== Aim of the task ==
Your answer must be the lines of the entries below, exactly as written, from the first line through the line containing "年终所得税汇算清缴怎么填(新手做所得税汇算清缴)".

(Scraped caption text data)
_____

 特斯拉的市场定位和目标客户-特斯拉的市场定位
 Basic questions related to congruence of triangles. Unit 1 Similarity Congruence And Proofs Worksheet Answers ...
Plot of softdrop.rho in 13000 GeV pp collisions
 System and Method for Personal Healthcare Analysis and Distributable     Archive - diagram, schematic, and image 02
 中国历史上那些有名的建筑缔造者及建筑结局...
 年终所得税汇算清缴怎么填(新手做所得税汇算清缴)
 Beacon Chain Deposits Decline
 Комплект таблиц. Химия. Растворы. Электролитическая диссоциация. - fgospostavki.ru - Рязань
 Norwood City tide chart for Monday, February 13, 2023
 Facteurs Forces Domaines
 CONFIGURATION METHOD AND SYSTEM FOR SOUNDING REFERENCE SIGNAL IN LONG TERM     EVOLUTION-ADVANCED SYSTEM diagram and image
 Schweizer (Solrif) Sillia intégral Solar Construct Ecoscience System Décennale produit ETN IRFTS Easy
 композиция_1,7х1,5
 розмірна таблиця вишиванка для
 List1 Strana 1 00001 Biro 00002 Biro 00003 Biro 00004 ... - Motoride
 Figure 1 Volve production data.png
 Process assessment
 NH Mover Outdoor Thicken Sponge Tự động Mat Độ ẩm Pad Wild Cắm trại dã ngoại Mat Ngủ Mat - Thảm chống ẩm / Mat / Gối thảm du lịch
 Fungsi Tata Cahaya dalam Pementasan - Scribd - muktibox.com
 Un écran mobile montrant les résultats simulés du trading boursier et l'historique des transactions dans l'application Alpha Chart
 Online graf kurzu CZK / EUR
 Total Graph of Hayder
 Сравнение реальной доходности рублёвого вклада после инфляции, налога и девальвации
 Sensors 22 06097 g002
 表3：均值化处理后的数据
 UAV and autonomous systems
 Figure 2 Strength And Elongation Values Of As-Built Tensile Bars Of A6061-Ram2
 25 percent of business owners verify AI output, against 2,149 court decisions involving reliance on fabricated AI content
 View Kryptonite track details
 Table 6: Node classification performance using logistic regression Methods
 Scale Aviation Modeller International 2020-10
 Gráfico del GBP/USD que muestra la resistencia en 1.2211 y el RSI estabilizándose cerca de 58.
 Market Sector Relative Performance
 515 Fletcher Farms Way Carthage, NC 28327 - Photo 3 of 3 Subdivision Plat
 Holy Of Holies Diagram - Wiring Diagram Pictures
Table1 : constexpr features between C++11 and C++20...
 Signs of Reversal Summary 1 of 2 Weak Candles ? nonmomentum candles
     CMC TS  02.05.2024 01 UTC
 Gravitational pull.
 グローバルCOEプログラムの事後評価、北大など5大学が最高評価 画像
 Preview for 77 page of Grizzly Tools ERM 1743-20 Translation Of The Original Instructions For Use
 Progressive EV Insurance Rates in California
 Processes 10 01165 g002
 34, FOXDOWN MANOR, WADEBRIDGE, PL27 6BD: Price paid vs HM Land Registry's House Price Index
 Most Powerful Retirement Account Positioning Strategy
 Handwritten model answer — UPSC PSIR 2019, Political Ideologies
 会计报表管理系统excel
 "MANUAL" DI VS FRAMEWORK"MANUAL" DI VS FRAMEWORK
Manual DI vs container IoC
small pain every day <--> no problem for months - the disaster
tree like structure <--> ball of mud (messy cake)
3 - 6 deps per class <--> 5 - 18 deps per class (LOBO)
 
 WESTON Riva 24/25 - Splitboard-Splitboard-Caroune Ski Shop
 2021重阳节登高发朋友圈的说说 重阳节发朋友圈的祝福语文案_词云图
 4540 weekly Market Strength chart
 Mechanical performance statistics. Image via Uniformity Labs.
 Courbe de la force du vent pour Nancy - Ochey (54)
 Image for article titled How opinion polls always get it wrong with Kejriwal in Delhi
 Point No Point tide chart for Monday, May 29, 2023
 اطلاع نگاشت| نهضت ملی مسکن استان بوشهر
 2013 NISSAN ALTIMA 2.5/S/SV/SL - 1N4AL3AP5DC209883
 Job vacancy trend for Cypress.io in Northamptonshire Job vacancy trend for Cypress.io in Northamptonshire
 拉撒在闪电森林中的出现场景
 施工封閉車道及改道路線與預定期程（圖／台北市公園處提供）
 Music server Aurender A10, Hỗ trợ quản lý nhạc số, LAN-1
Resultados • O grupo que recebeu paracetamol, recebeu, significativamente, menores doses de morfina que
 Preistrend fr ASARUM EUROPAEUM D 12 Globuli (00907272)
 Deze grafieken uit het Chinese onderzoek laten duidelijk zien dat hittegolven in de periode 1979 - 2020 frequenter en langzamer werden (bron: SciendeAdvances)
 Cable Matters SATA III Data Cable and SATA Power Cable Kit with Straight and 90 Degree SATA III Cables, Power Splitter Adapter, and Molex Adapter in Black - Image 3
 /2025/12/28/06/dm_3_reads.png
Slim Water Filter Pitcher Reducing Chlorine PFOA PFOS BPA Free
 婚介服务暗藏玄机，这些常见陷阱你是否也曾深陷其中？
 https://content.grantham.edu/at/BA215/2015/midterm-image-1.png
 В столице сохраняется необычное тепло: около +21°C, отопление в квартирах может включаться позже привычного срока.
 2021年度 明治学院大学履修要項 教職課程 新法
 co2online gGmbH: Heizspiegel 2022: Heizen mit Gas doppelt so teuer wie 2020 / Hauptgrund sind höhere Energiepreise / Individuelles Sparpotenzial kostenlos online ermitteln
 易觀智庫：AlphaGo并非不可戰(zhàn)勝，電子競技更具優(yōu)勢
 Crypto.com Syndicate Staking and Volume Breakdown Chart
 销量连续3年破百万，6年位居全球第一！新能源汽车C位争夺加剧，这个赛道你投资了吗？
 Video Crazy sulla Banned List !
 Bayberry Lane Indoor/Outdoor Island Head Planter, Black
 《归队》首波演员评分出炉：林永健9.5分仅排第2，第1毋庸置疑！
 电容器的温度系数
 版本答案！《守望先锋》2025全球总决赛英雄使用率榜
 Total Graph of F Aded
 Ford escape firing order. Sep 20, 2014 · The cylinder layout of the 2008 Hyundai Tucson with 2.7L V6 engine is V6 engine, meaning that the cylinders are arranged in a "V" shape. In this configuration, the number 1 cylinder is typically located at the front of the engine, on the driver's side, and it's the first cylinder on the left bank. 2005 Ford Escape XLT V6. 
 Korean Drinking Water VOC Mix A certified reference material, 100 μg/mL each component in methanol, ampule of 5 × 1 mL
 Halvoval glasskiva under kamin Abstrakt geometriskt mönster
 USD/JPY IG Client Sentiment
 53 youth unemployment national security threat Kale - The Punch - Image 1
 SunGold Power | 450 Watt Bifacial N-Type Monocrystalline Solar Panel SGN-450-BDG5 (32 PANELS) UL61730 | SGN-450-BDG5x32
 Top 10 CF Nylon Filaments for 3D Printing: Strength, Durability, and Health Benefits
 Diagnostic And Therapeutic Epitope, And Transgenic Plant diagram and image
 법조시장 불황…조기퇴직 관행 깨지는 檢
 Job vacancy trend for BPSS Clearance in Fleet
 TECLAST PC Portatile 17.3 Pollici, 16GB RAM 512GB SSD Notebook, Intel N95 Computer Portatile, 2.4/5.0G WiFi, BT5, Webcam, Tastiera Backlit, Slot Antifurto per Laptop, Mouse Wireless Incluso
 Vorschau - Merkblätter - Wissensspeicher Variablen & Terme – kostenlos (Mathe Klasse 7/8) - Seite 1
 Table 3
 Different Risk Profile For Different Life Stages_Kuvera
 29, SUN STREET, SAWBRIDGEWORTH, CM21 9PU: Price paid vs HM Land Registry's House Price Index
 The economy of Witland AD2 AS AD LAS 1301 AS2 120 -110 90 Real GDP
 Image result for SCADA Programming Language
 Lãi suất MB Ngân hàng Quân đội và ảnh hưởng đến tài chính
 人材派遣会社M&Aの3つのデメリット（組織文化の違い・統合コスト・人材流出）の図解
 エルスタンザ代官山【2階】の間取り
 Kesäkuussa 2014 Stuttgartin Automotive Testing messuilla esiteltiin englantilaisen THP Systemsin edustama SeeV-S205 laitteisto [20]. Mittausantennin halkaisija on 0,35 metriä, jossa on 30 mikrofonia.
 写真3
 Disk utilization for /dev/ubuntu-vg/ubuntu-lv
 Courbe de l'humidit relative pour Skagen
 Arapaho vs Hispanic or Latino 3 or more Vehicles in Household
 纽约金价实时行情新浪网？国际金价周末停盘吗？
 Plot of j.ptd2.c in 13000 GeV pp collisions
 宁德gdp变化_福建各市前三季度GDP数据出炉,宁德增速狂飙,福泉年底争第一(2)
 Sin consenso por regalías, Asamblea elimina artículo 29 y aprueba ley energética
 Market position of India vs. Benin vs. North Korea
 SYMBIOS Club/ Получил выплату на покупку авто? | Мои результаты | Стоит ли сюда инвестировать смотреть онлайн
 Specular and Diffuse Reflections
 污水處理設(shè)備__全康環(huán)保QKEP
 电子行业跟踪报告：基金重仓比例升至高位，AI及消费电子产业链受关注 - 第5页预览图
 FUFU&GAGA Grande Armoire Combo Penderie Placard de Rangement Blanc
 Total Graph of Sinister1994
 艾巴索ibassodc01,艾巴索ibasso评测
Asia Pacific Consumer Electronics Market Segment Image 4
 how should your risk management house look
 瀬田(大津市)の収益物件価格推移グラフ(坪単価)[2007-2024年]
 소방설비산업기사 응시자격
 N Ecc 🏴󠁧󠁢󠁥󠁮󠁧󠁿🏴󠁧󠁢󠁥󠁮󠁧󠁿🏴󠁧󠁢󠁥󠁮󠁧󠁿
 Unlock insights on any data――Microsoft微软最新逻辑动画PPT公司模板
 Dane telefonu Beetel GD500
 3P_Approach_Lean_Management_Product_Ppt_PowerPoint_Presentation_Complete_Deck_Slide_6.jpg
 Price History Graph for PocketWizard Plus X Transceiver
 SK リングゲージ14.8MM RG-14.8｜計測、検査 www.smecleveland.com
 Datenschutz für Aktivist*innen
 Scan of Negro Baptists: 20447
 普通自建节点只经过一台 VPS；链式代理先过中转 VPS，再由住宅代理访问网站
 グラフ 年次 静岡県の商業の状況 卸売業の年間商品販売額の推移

_____

== Result below ==
 特斯拉的市场定位和目标客户-特斯拉的市场定位
 Basic questions related to congruence of triangles. Unit 1 Similarity Congruence And Proofs Worksheet Answers ...
Plot of softdrop.rho in 13000 GeV pp collisions
 System and Method for Personal Healthcare Analysis and Distributable     Archive - diagram, schematic, and image 02
 中国历史上那些有名的建筑缔造者及建筑结局...
 年终所得税汇算清缴怎么填(新手做所得税汇算清缴)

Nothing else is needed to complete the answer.